The transformation of the landscape types was captured for each period; the landscape response processes are shown in Figure 9 and Figure 10. The net changes in each landscape class over each research period are displayed in Figure 9. In particular, bare land showed the highest loss, with a net change by 228.97 km², followed by alpine meadow (net decrease by 30.33 km²) for the whole period (T1–T16). Farmland had the highest net gain (131.88 km²) for the whole study period, followed by forest (net gain 72.40 km²) and built-up land (net gain 53.72 km²). Shrubs and water bodies had the slightest net change within the whole study period (T1–T16); shrubs gained 3.73 km² and water declined by 2.42 km², respectively.

Figure 10 shows the transition process between one landscape class and the rest of the landscape classes in each study period. Over the period of T1–T16, built-up land was transferred in and out, and a large amount of new built-up land was developed on what was previously bare land, farmland, forest, and shrub, with most converted from bare land (19.11 km²), followed by farmland (17.76 km²), and 53.72 km² of land was converted to built-up land. Farmland area was gained from forest and bare land, and its lost area was converted into built-up land (Figure 10). For all study periods, a similar conversion phenomenon was observed, in which much bare land and forest were continuously converted to farmland. In general, farmland mainly increased. Forest gains occurred during T2–T3, T3–T4, T5–T6, T7–T8, T9–T10, T10–T11, T12–T13 and T14–T15, when the area was transformed to shrubland, alpine meadow, and bare land; the largest forest loss occurred during T13–T14, with a loss of 167.33 km², when the area was converted to mainly farmland, shrubland, and bare land (Figure 10). Throughout the study period, forest gained 142.63 km² and lost 70.24 km², for a net increase of 72.40 km². Alpine meadow mainly lost area to forest and gained area from two main landscape classes, shrub and bare land (Figure 10), over the entire study period. The greatest net loss of alpine meadow occurred in T13-T14, when it was largely converted into bare land (bare land gained 29.36 km²). The shrubland gained area from bare land and lost area to built-up land, farmland, forest, and alpine meadow (Figure 10). In the study period for T4–T5 and T5–T6, shrubs had a large area of net increase (137.69 km²) and net loss (168.58 km²). Bare land showed a loss (Figure 10). However, in T6–T7, T8–T9, and T13–T14, bare land was converted from built-up land, farmland, forest, and alpine meadow. The area of transition between water bodies and other landscape classes was very small (less than 5.50 km²) in all the study periods (Figure 10).

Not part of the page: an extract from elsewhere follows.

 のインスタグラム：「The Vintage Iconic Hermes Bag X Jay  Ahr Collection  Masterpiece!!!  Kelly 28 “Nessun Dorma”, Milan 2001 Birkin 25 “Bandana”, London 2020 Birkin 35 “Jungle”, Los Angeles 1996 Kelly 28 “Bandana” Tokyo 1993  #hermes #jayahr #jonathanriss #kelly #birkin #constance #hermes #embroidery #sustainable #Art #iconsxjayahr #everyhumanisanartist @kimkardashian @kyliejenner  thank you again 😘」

3.4. Changes in Landscape Pattern Indices

The landscape pattern differed significantly among the seven landscape classes (Figure 11). The high values of MPS and MENN for water were caused by the presence of more connected and compact water body patches (Figure 7). The LPI and TE index for water bodies remained almost constant, with the exception of MPS and MENN, which slightly decreased. The forest MPS index increased slightly in fluctuation, and its MENN index remained almost constant. After T13, forest showed a rapid increase in the LPI, while the LPI dropped to 10.82 at T16. Forests had higher LPI and TE values, indicating that forest patches had a larger area and more complex edge shapes. Built-up land showed a constant increase in the MPS index from 0.03 to 0.06. After T10 (LPI of 0.76), the LPI of built-up land started to increase rapidly, reaching a maximum of 2.00 at T15 and then decreasing to 1.80 at T16. The TE index of built-up land first increased and then decreased. In the study periods T7 and T11, the built-up land LPI reached a peak during two growth periods, which were 3209.31 and 3292.32, respectively. The MENN index for built-up land showed a moderate change, ranging from 161.47 to 185.19.

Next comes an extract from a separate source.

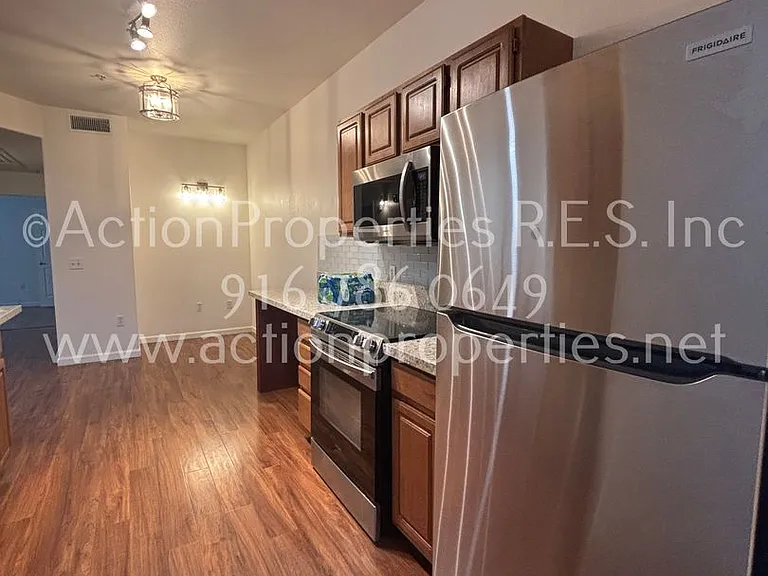 501 Gibson Dr #1914 — Photo 10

The LPI of farmland increased strongly from T13 to T16 and remained relatively constant in other periods; the highest LPI value was 11.11 at T14. The TE length of farmland increased from 3554.43 to 5516.76 with slight fluctuations. The MPS of farmland varied by less than 0.07 throughout the study period, with a maximum value of 0.19 at T3 and 0.12 at T9. The MENN of the farmland did not change drastically, and there was a very weak decreasing trend in the fluctuating changes. Alpine meadow showed a declining trend in the MPS between 1987 and 2017, with a change from 0.095 to 0.069. The alpine meadow LPI fluctuated significantly, reaching 2.72 at T6, decreasing to 1.07 at T7, and increasing to 2.01 at T9. The TE length of the alpine meadow exhibited a trend of first increasing and then decreasing, with a maximum of 4834.20 at T10. The MENN of the meadow also showed a trend of growth and then decline, reaching the maximum value (144.58) at T8.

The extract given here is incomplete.